Und da war der Wald, tief, märchenstill, ein herrlicher, wohlgepflegter Mischwald, der hügelauf, hügelab in sanftem Bogen der Danziger Bucht folgte, sich dicht an die Stadt heran schob. Mit Tälern und Schluchten und Höhen, von denen man weit, weit hinüber sehen konnte über diese ganze lachende, strahlende Erde. Derselbe Wald, in dem einst Joseph von Eichendorff, der Schlesier, seine schönsten Lieder ersann, der in sein Zimmer hinein rauschte auf dem alten Gut Silberhammer, wenn er dort nächtens an seinem „Taugenichts“ schrieb. Und war nicht eigentlich auch Oliva, diese einstige Gründung des Zisterzienser-Ordens, mit der alten Kathedrale, mit dem schönen Rokokoschloss, das sich ein kunstsinniger Abt erbauen ließ und das so sehr an Sanssouci erinnerte, mit dem wundervollen Park, darein es gebettet lag, noch ein Teil dieses Waldes? Den man doch, von den Straßen am Rande Olivas aus, in fünf Minuten erreichte... und schon umfing einen Abendfrieden und Waldeinsamkeit, und man sah am Hügelhang die Rehe aus dem Schatten der Bäume treten, um sich auf den Feldern äsend gütlich zu tun.

Dies alles ist nun nicht mehr! Es ging, zum allergrößten Teil wenigstens, kurz vor dem Ende eines sinnlosen Krieges in zwei, drei Nächten und Tagen in Rauch und Flammen auf. Zehntausende, ungezählte Zehntausende gingen mit der Stadt unter, die sie geboren hatte, denen ihre Liebe, wahrlich eine Liebe bis zum Tode, gehörte. Die andern machten sich auf ihren weiten, weiten Weg.
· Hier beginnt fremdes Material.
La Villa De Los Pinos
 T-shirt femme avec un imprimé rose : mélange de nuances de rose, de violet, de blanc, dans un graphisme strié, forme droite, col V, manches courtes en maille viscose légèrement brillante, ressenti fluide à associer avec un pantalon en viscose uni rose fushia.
Doch da ist noch ein Hoffen, ist eine Sehnsucht und auch ein Glaube, die immer wieder stark machen: dass die Heimat, die geliebte, nicht für immer, nicht für alle Zeit verloren sein kann. Und dass, mag die Stadt irgendwie anders geworden sein, doch die Erde da ist, die Heimaterde, in der man einmal wieder wird Wurzel schlagen können.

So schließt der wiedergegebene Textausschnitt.